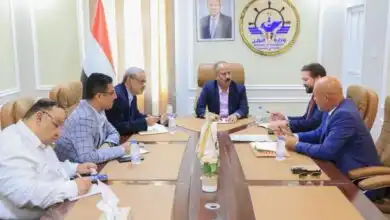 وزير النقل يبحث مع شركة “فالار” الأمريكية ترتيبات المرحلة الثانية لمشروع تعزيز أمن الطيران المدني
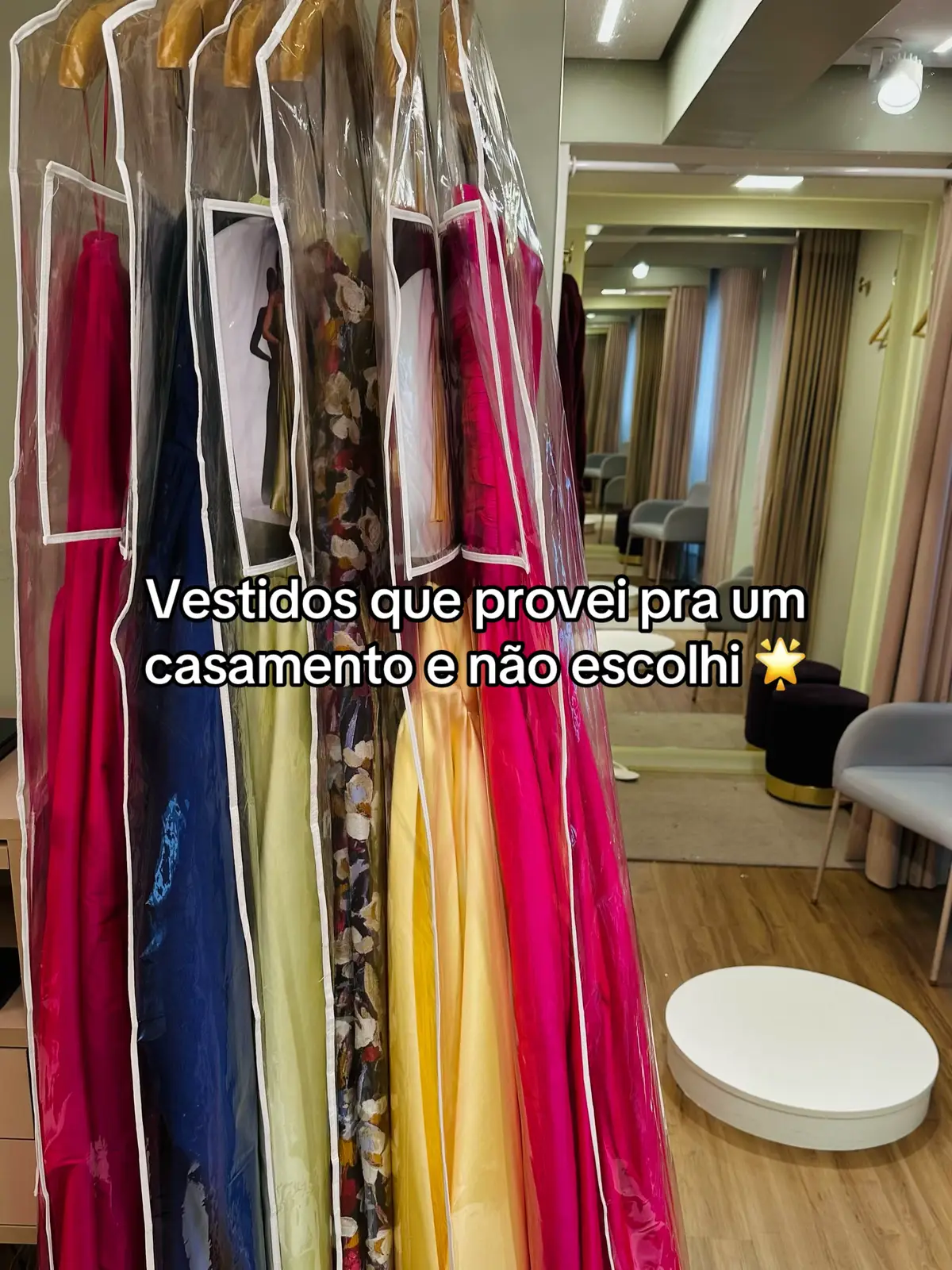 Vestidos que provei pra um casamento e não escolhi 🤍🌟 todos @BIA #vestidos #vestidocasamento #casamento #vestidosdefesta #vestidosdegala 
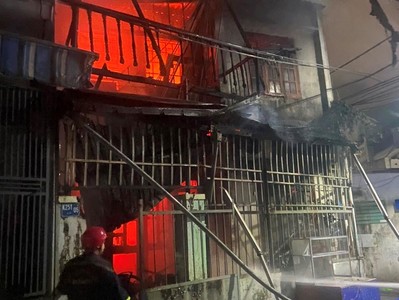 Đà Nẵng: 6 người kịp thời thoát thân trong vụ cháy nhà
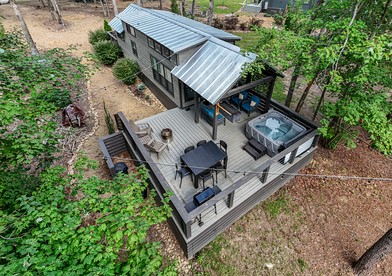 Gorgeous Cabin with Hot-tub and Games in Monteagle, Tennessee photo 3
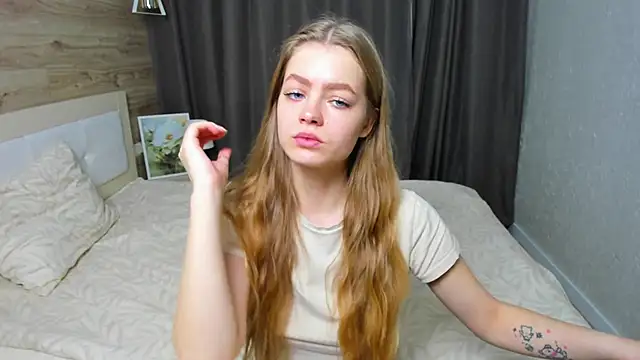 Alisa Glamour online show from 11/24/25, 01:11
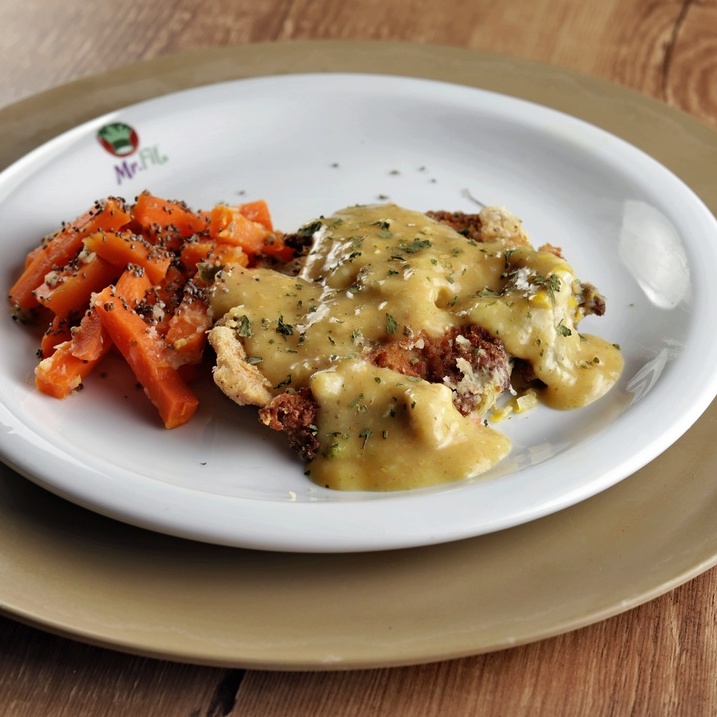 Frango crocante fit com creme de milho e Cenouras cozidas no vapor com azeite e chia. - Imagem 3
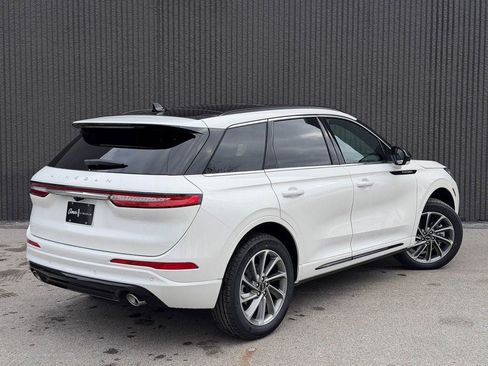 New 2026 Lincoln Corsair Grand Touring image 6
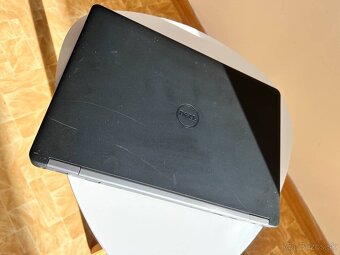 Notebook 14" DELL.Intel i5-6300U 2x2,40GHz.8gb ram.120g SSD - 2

• Aim of the exercise: Leave the pictures out and output the rest of the data word for word.

• Solution to this exercise:
 وزير النقل يبحث مع شركة “فالار” الأمريكية ترتيبات المرحلة الثانية لمشروع تعزيز أمن الطيران المدني
 Vestidos que provei pra um casamento e não escolhi 🤍🌟 todos @BIA #vestidos #vestidocasamento #casamento #vestidosdefesta #vestidosdegala 
 Đà Nẵng: 6 người kịp thời thoát thân trong vụ cháy nhà
 Gorgeous Cabin with Hot-tub and Games in Monteagle, Tennessee photo 3
 Alisa Glamour online show from 11/24/25, 01:11
 Frango crocante fit com creme de milho e Cenouras cozidas no vapor com azeite e chia. - Imagem 3
 New 2026 Lincoln Corsair Grand Touring image 6
 Notebook 14" DELL.Intel i5-6300U 2x2,40GHz.8gb ram.120g SSD - 2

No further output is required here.